## About this exercise
Skip any image you find and restate the rest of the data word for word.

## Available data
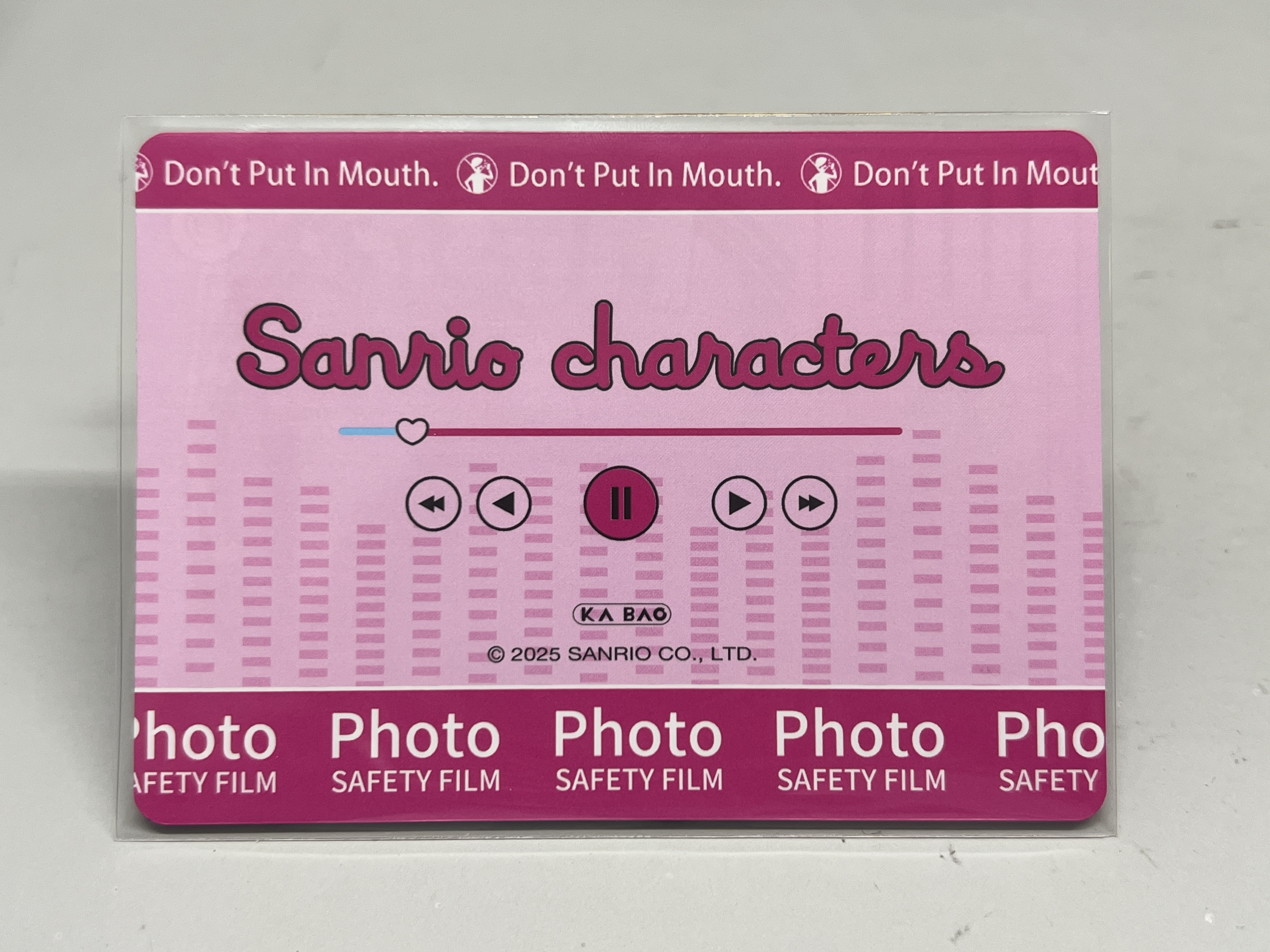 【挂机拍卖】2025 卡宝文创 三丽鸥家族 拍立得 拾光第七弹 美乐蒂 3D 特卡 闪卡 卡品如图 收藏 凑套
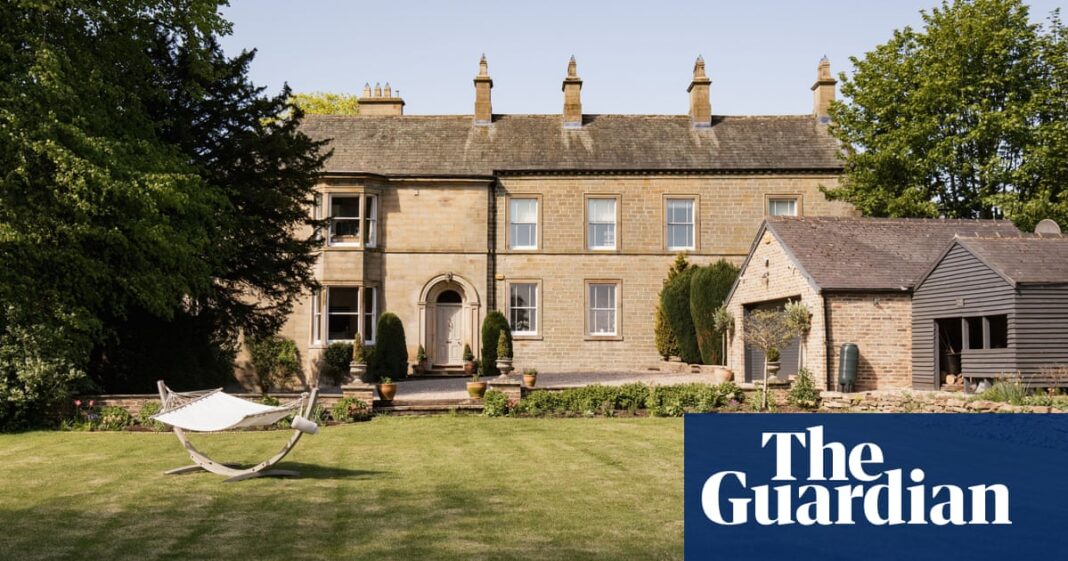 Homes for sale with outbuildings and studios in England and Wales – in pictures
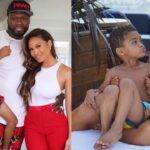 50 Cent And Daphne Joy Kids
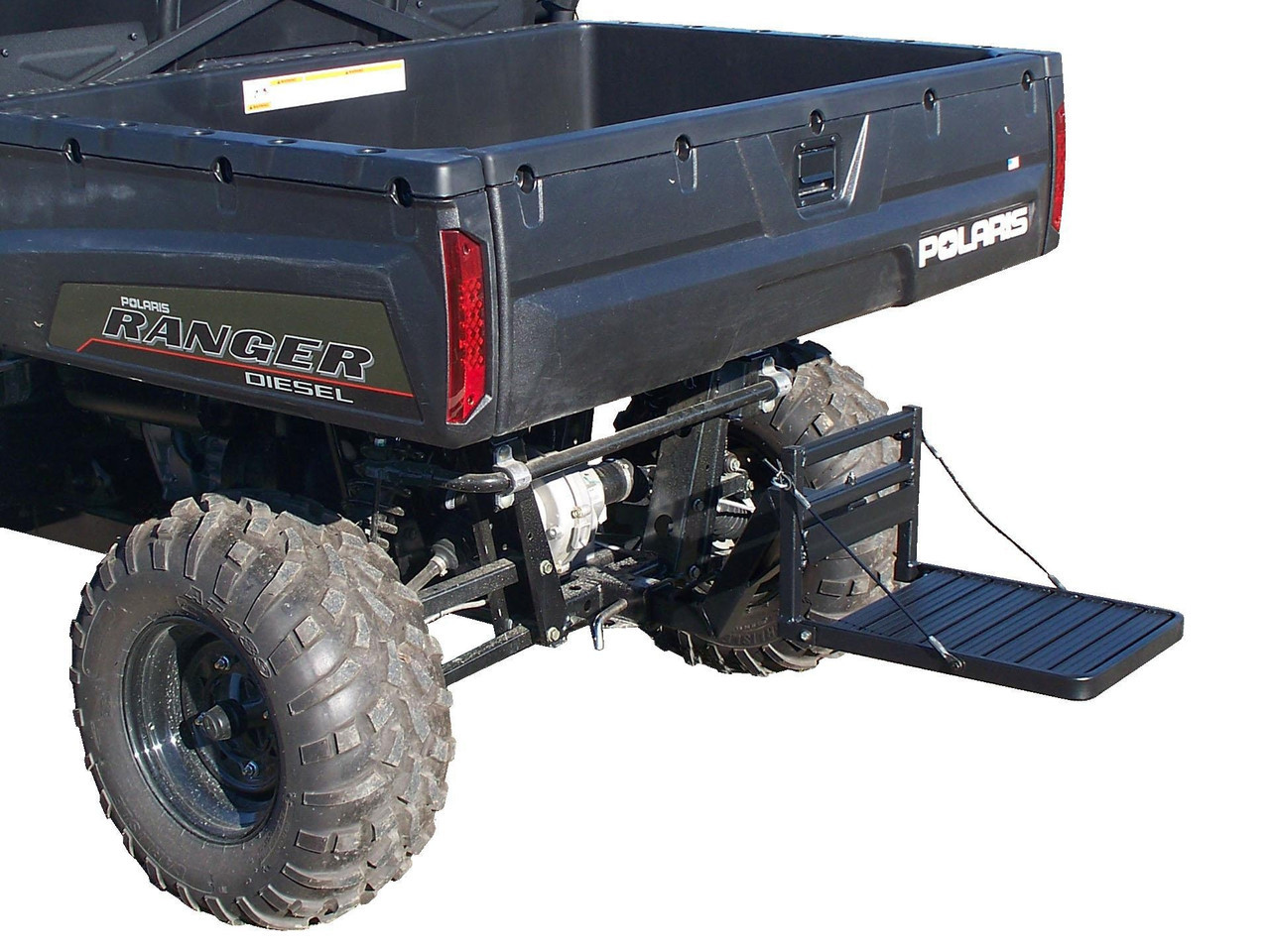 John Deere Gator Hitch Step by Great Day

## Your response
 【挂机拍卖】2025 卡宝文创 三丽鸥家族 拍立得 拾光第七弹 美乐蒂 3D 特卡 闪卡 卡品如图 收藏 凑套
 Homes for sale with outbuildings and studios in England and Wales – in pictures
 50 Cent And Daphne Joy Kids
 John Deere Gator Hitch Step by Great Day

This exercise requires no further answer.